Black Bag
- thereelroll
- 5 giorni fa
- Tempo di lettura: 3 min
“This ends with someone in the boot of a car”

It was a nice spring night, the perfect day to spend with friends after finishing a difficult and exhausting project. A night so clear and warm that the possibility of staying home felt like an unforgivable waste. The last night before diving into the exam session. The rendezvous was at 21. After a 30-minute journey, I reached the designated place at the designated time. Nothing seemed suspicious. But then I felt a buzz in my pocket. I grabbed the phone and looked at it. A message appeared, soon covered by another one, and then another.
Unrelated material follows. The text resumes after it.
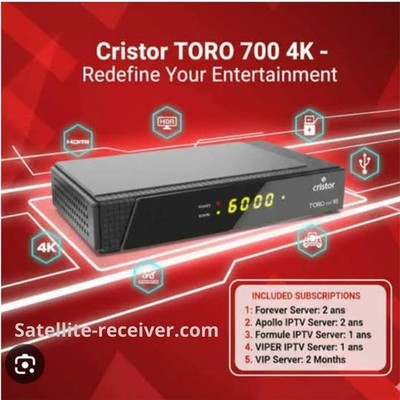 Satellite Receiver cristor 700 4k forever 24 months New and 3 months vip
In that moment, I felt exactly like Michael Fassbender, except for the looks, the charm, the money, the competences, the wife, the job, the career, the status of legend in the espionage field, the glasses, the roasted pork or whatever it was. I felt tricked, backstabbed, bamboozled. Betrayed. Even somewhat in danger.
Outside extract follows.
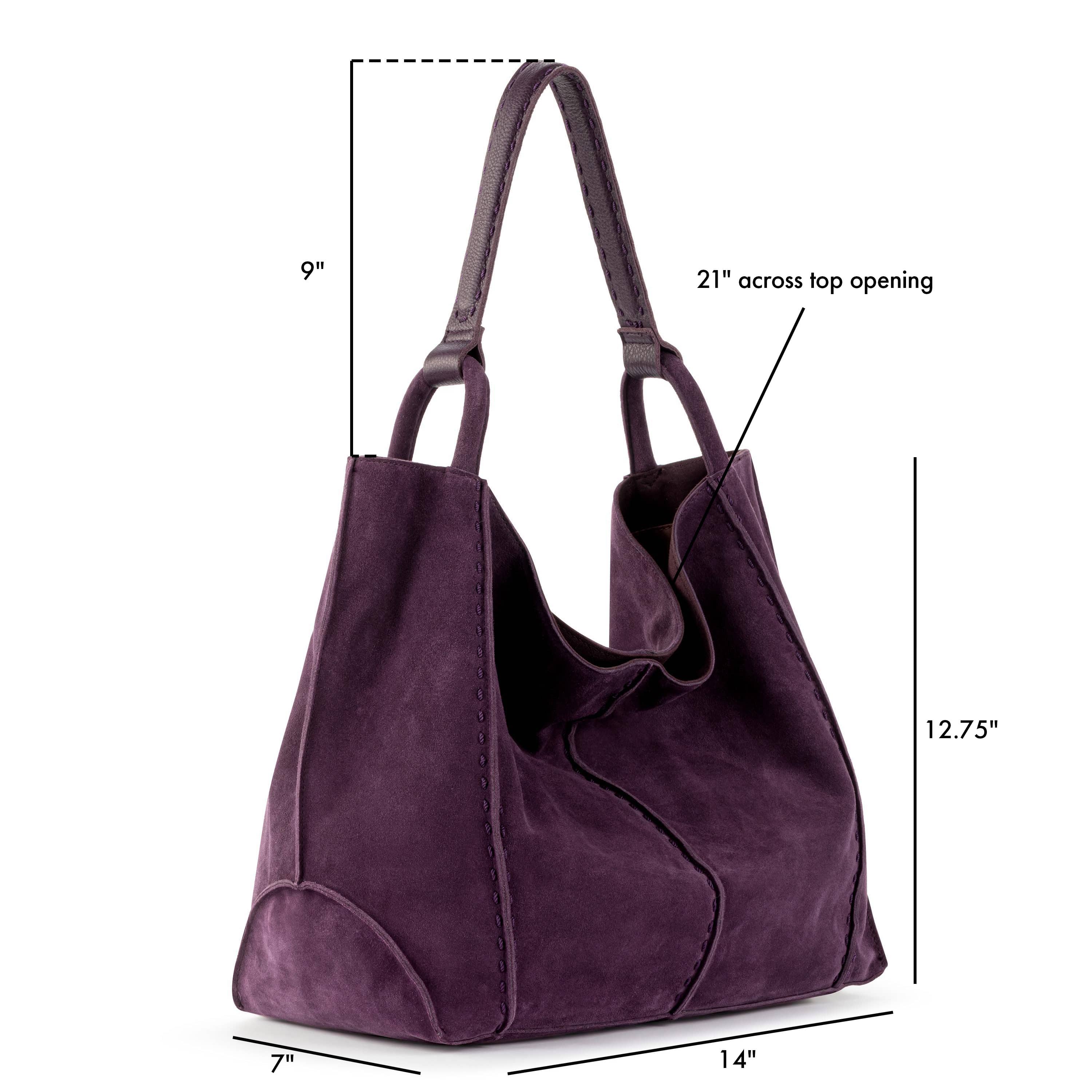 Los Feliz Large Tote - Leather - Aubergine Suede - Image 6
The mission had been aborted. How did it happen? There was a rat in the group, for sure. A mole. A snitch. Maybe more than one. I panicked. I didn’t know what to do. I threw away the phone so not to be tra-trawhatthehellareyouinsane?!? gopickitupyoudementedbovine. Anyway, looking behind my back, I started rushing towards safe harbours. In an attempt to mislead those following me, I faked a move to the left and nonchalantly dropped inside the first open door I found. A cinema. Perfect, in the dark nobody could see me cry for being stood up once again at the last minute by the people I trusted the most. I bought a ticket and got into an empty room. I took a seat in the first row and sank into the chair as the lights faded away, leaving me alone and at the lowest of my strengths, to face Gerard Butler dancing once again with a Festina at his wrist. Weakened more than I could bear, the movie started, and I was teleported from a world of secrets, lies and deception into a world of secrets, lies and deception. I sighed, but there was no other place for me, no other identity to grab onto.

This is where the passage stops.